My girl just gave you the reasoning any real informed dog owner would. My handler is a different way said the identical thing as well as onyx trainer. Granted the both are good friends i take their suggestions/comments very serious. Just because, apologise for the terminology, a pump and dump, dosent mean down the road thats the end of the story

You seem like a good natured person, please be responsible.

I agree with everyone, he is a fine looking lad


----------



## Ricky1126 (Apr 2, 2011)

Absolutely, i do would never want to tarnish the reputation of the breed by simply breeding him with any god. i will not breed him anytime soon and will let him develop into a nice friendly companion. thank you for the compliments.


----------



## pitbullmamanatl (Jun 1, 2010)

Oh I meant to add that I have seen Joker's name in a few bully peds and there is a lot of Camelot blood behind it so looking at both of the peds of the sire and dam I'd say you have a bully.


----------



## Ricky1126 (Apr 2, 2011)

thats great i love the bully look. thanks very much for the research. i didn't know Camelot was a bully bloodline though i was under the impression that it was a game bloodline.


----------



## pitbullmamanatl (Jun 1, 2010)

Ricky1126 said:


> thats great i love the bully look. thanks very much for the research. i didn't know Camelot was a bully bloodline though i was under the impression that it was a game bloodline.
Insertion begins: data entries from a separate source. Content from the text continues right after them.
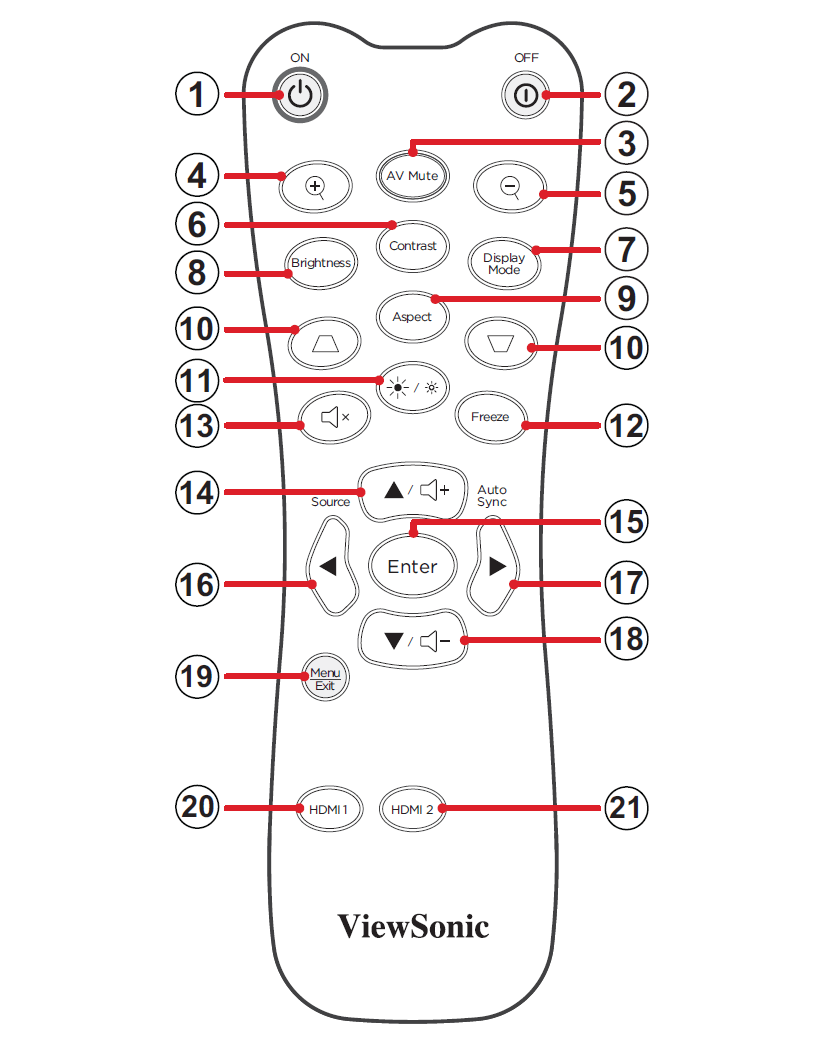 LX700-4K Remote Control - ViewSonic Projectors
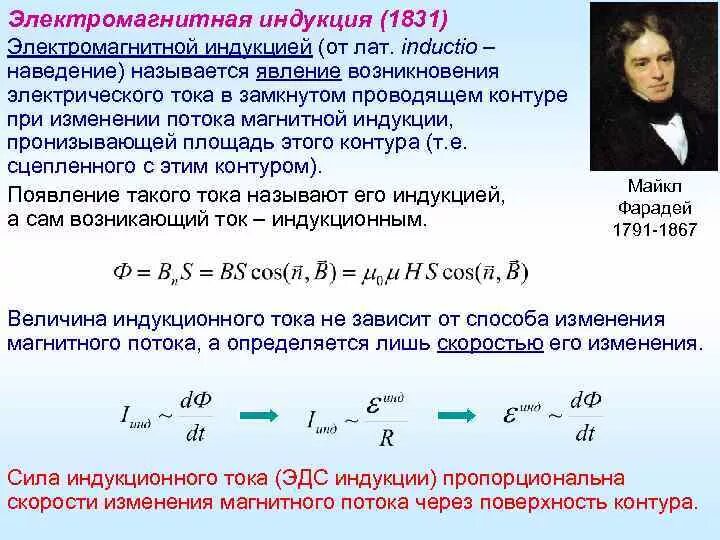 Продолжите всякое изменение магнитного потока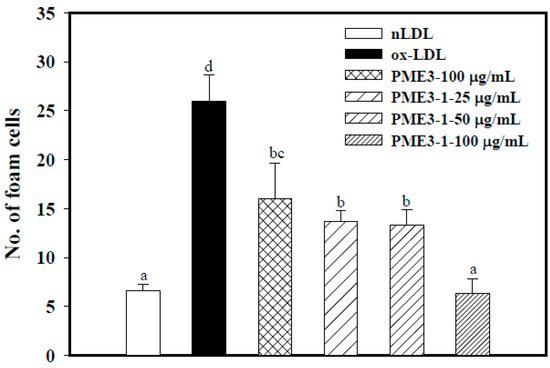 Molecules 20 19051 g005 550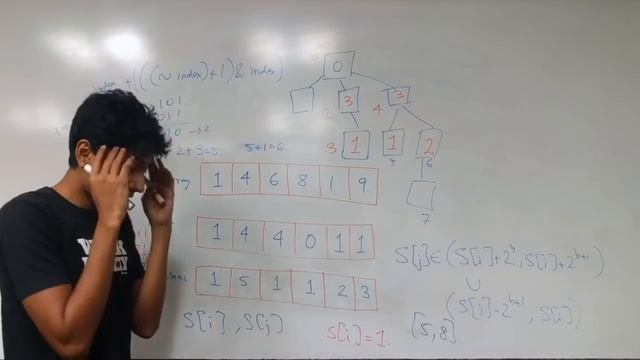 Binary Indexed Tree - CodeChef - BEAR AND XOR SUMS - Part 2 смотреть онлайн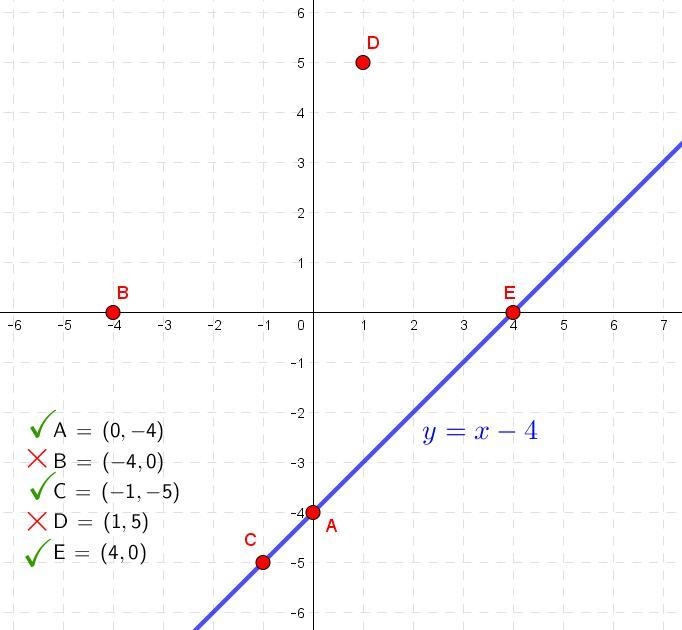 Really stuck on this one. Which of the following are ordered pairs for the equation-example-1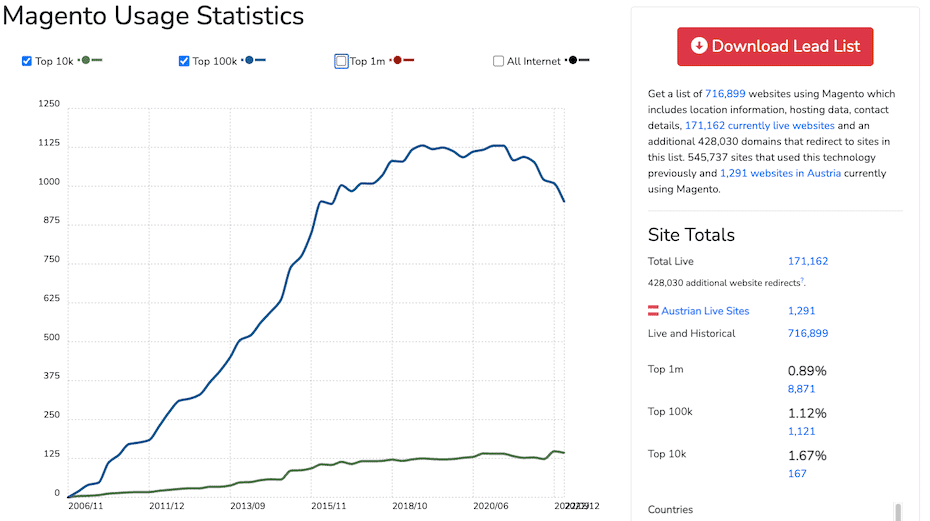 Magento Usage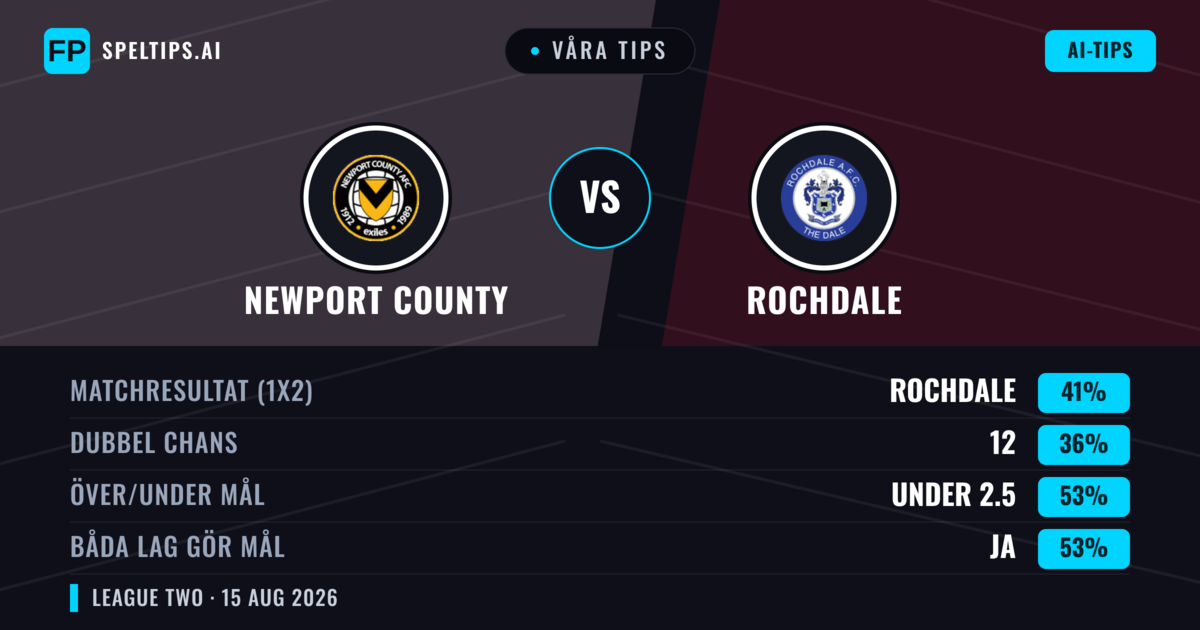 Våra tips: Newport County mot Rochdale — Rochdale — Vinst (42%); Under 2.5; Båda gör mål: Ja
Ah, it is an APBT line and I believe, just like RE, some went the way of the bully and others maintained original course. I am still learning about Camelot so I can't give you a lot of background, but maybe Firehazard can add something. A lot of dogs stemming from Camelot blood are XL dogs from what I have seen. Not every one of course but a lot of them are. From what I have read about Camelot there were two guys Kenny and Art and they went their separate ways. Kenny went went larger if I am not mistaken.


----------



## Ricky1126 (Apr 2, 2011)

honestly i lve my puppy the same i just hope he doesnt get to be like 100+ lbs. but i will say this my brother has a male pitbull as well and mine seems so much bigger, do you guys think he might stop putting on weight anytime soon? or should i expect a XL doggie?


----------



## pitbullmamanatl (Jun 1, 2010)

Every dog is different. Kangol is double the size of both his parents and 3 brothers and he was the runt. Nothing wrong with an XL dog it just means they're taller. Are you going to register with the ABKC?


----------



## Ricky1126 (Apr 2, 2011)

Do you think its worth it? i have the application for the UKC and CKC.


----------



## pitbullmamanatl (Jun 1, 2010)

Ricky1126 said:


> Do you think its worth it? i have the application for the UKC and CKC.


I don't know what your dog's full pedigree looks like (you can get a 4 gen ped from the UKC since he is UKC registered) but thus far he looks like he is bully. I encourage everyone with an Am Bully to register with the ABKC as that is the only registration for the American Bully. Regardless of your plans for him I think it is a good idea to register. Single registrations will be closed mid year 2012 so keep that in mind.

*Registration*


----------



## Ricky1126 (Apr 2, 2011)

wow did not know that... ill send in the applications on monday. thanks for the heads up.


----------



## pitbullmamanatl (Jun 1, 2010)

Ricky1126 said:


> wow did not know that... ill send in the applications on monday. thanks for the heads up.


Cool as long as you have your UKC registration papers then you're good.


----------



## Ricky1126 (Apr 2, 2011)

fantastic thank you so very much for all your help... i hope t become and expert on the breed and not another misinformed owner.


----------